Früher flatterte an der Fassade eine Schweizer Flagge, doch zur Zeit ist das Haus eingerüstet. Sobald das Gerüst weg ist, soll dann wieder eine Flagge, eine etwas besondere, auf das SI hinweisen. Entworfen hat sie der Schweizer und Wahl-New-Yorker Olaf Breuning.
«Sie spielt mit der Schweizer Identität», sagt Jetzer. «Das Kreuz wird zum kleinen Gespenst, einem witzigen, sympathischen Maskottchen, das vom Broadway grüsst.»
«Die Menschen denken hier viel zu schnell an Schokolade und Uhren, wenn sie Swiss hören», sagt Jetzer. «Wir wollen das Schweizer Image komplexer gestalten, am besten so komplex wie sich die Schweiz heute darstellt, zu Beginn des 21. Jahrhunderts als kleines, vitales Land im Herzen Europas.»
Anders als Schweizer Kultur-Institutionen wie das Centre Culturel in Paris oder das Istituto Svizzero in Rom ist das SI keine Schweizer Einrichtung, sondern eine amerikanische Stiftung, die von der Schweiz finanziell unterstützt wird.
Die Stiftung wird von einem schweizerisch-amerikanischen Vorstand unter dem Ko-Präsidium von Dieter von Graffenried, Verleger der Kunstzeitschrift «Parkett», und Fabienne Abrecht, Event-Managerin, geführt.
Das SI wird fast zur Hälfte von der Schweizer Kulturstiftung Pro Helvetia finanziert. Für den Rest kommen Firmensponsoren und private Spender auf.

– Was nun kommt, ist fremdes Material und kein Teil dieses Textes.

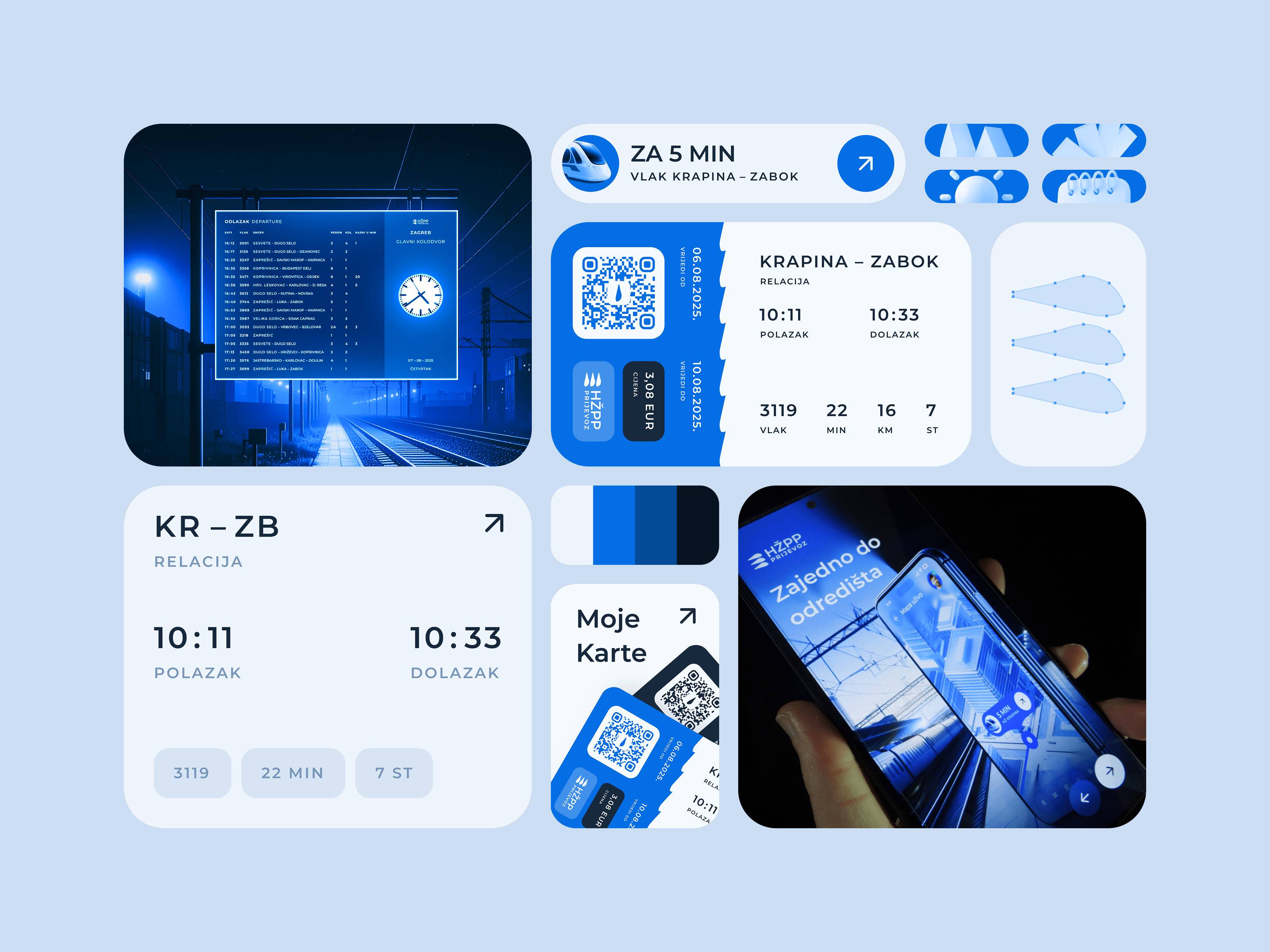 ✨HŽPP railway UI elements✨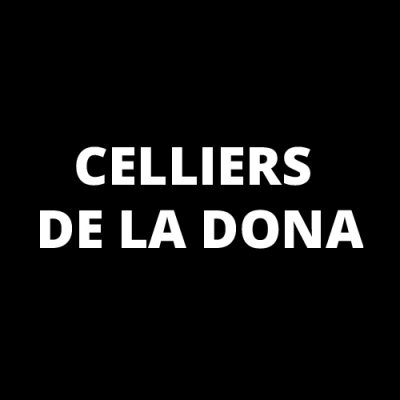 cellier-de-la-dona.jpg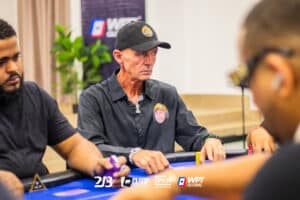 Open – WPT Global Festival CLSOP – Día Final – foto 6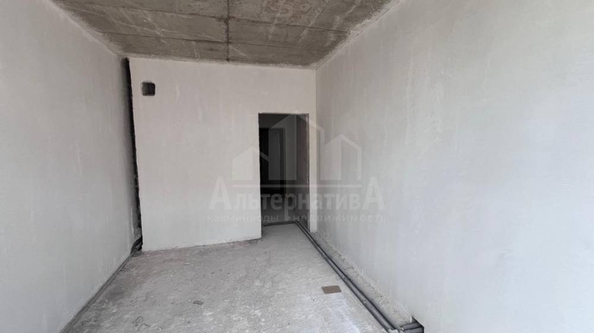 
  Продается 1-комн. квартира 46 м². Фото 3.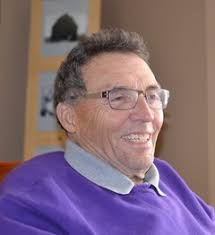 Obituary for Everett Nelson Loney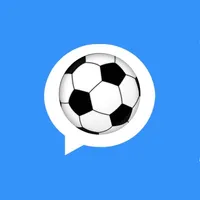 Football Face icon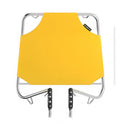 Folding front bike bag, metal bike basket, front carrier, panniers, bike luggage, mountain bike accessories - V.I.P Digital Presence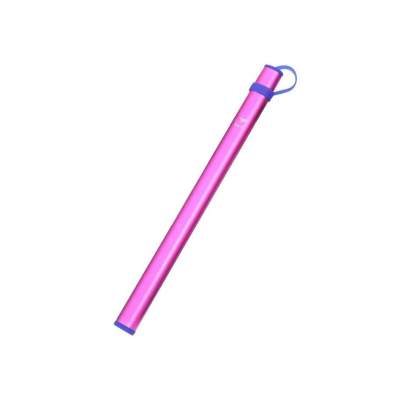 Keith Titanium Ti5817-P
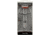 Rapala Tube Scale - 25 lbs. 452268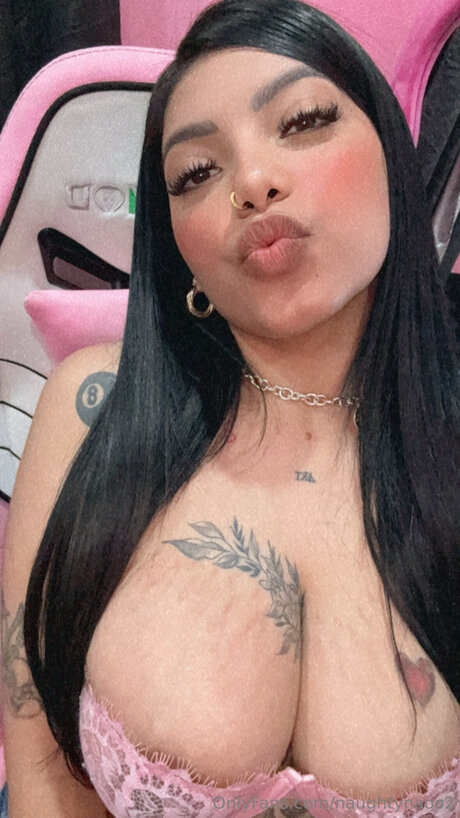 yoga onlyfans beautiful porn galleries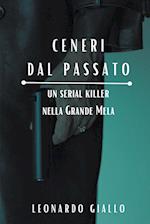 Ceneri dal passato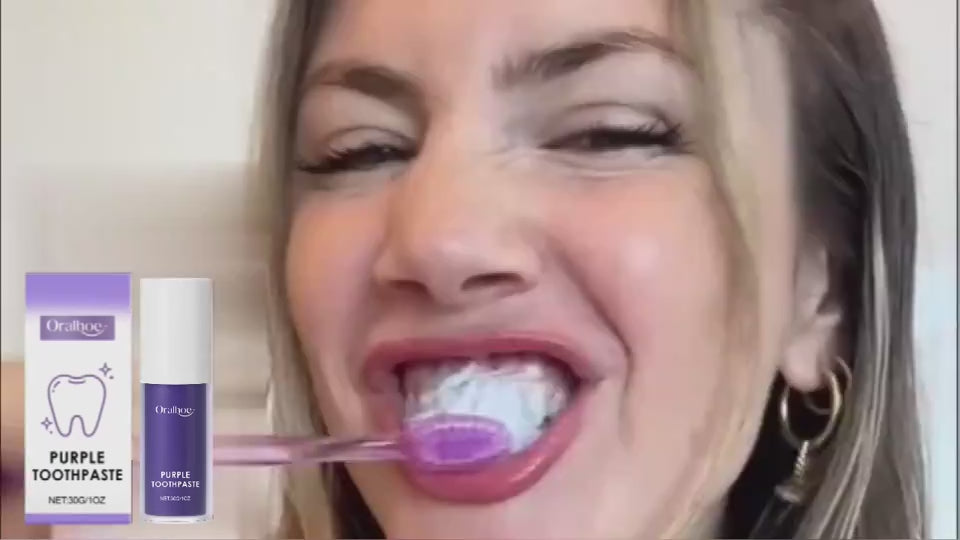 123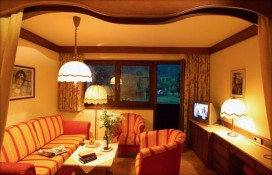 85da1_108346.jpg 85da1_108346.jpg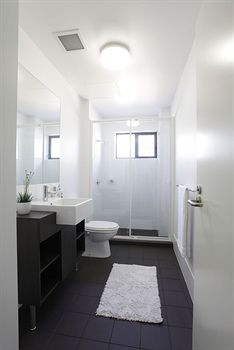 Western Sydney University Village- Parramatta Campus - St Kilda Accommodation 19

Mit der Ausstellung «Housewarming», der Party beim Einziehen in eine neue Wohnung, gab der neue SI-Direktor Gianni Jetzer seinen Einstand als Kurator.
Jetzer lud für «Housewarming» sieben Kunstschaffende aus der Schweiz (Vincent Kohler, David Renggli), Deutschland (Michael Beutler), England (Damien Roach), Polen (Agnieszka Brzezanska ), Amerika (Jenny Vogel) und Schweden (Kollektiv Uglycute) ein, die sich auf unterschiedlichste Weise mit dem Thema, dem Einrichten von Räumen, befassten.
Geb: 1969, aufgewachsen in Zürich.
Studium der Kunstgeschichte und erste Ausstellungs-Erfahrungen in Zürcher Galerie.
Ab 1998 Assistent und Ko-Kurator Migros-Museum.
Initiant von vier Kunstprojekten für die Expo.02.
Ab 2001 Leiter der Kunsthalle St. Gallen.
2005 Swiss Award für seine Kuratoren-Arbeit in St. Gallen.
Seit Herbst 2006 Direktor am SI in New York.